> _SUPPLIED MATERIAL_
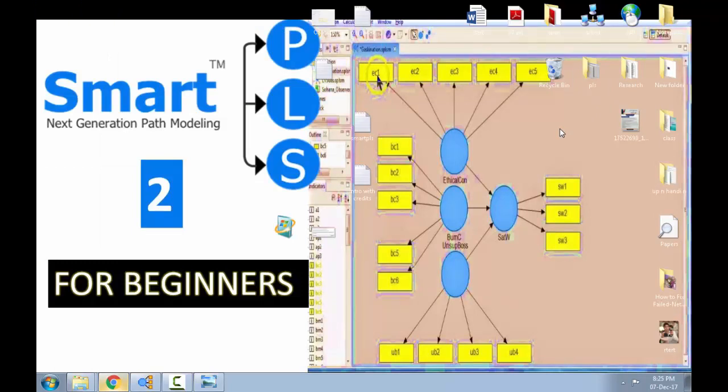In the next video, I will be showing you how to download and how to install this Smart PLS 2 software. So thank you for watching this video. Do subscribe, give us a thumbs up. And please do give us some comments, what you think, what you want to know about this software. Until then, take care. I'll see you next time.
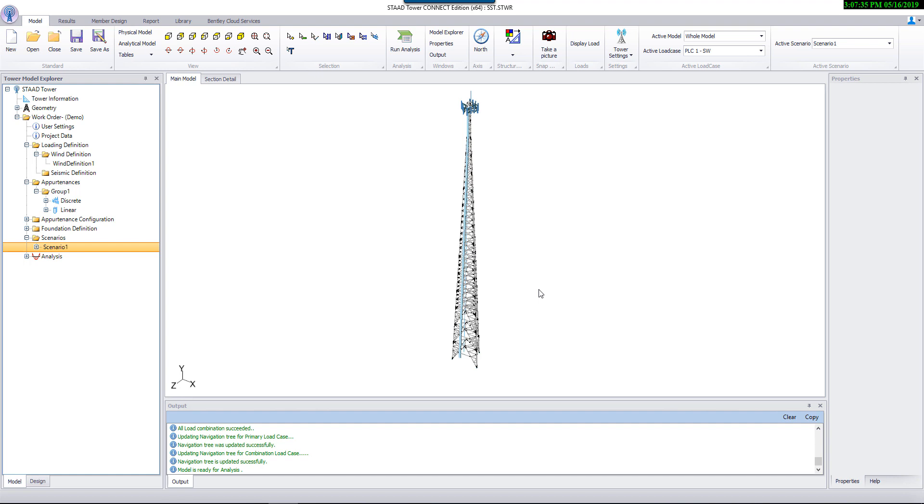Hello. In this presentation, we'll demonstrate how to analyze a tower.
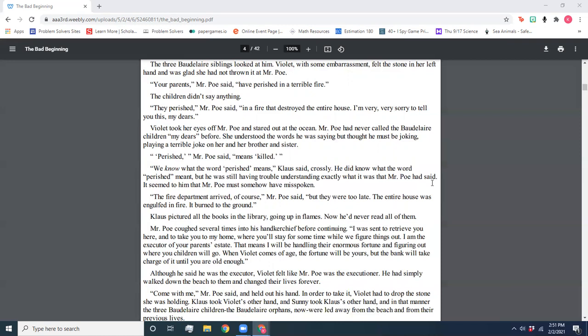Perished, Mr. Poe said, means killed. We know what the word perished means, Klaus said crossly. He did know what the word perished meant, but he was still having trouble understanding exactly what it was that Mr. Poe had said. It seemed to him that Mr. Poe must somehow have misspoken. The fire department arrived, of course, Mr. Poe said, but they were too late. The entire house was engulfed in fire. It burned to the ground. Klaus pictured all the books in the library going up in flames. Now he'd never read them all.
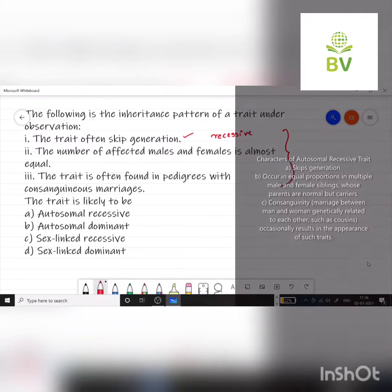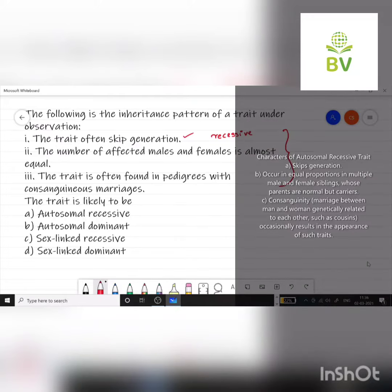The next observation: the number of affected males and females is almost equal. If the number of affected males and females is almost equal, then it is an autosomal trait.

> _ASSIGNED TASK_
In the answer, give only the lines from the top of the data above through the line with "Hello. In this", reproduced exactly; no picture may appear.

> _RESPONSE TO THIS TASK_
In the next video, I will be showing you how to download and how to install this Smart PLS 2 software. So thank you for watching this video. Do subscribe, give us a thumbs up. And please do give us some comments, what you think, what you want to know about this software. Until then, take care. I'll see you next time.
Hello. In this presentation, we'll demonstrate how to analyze a tower.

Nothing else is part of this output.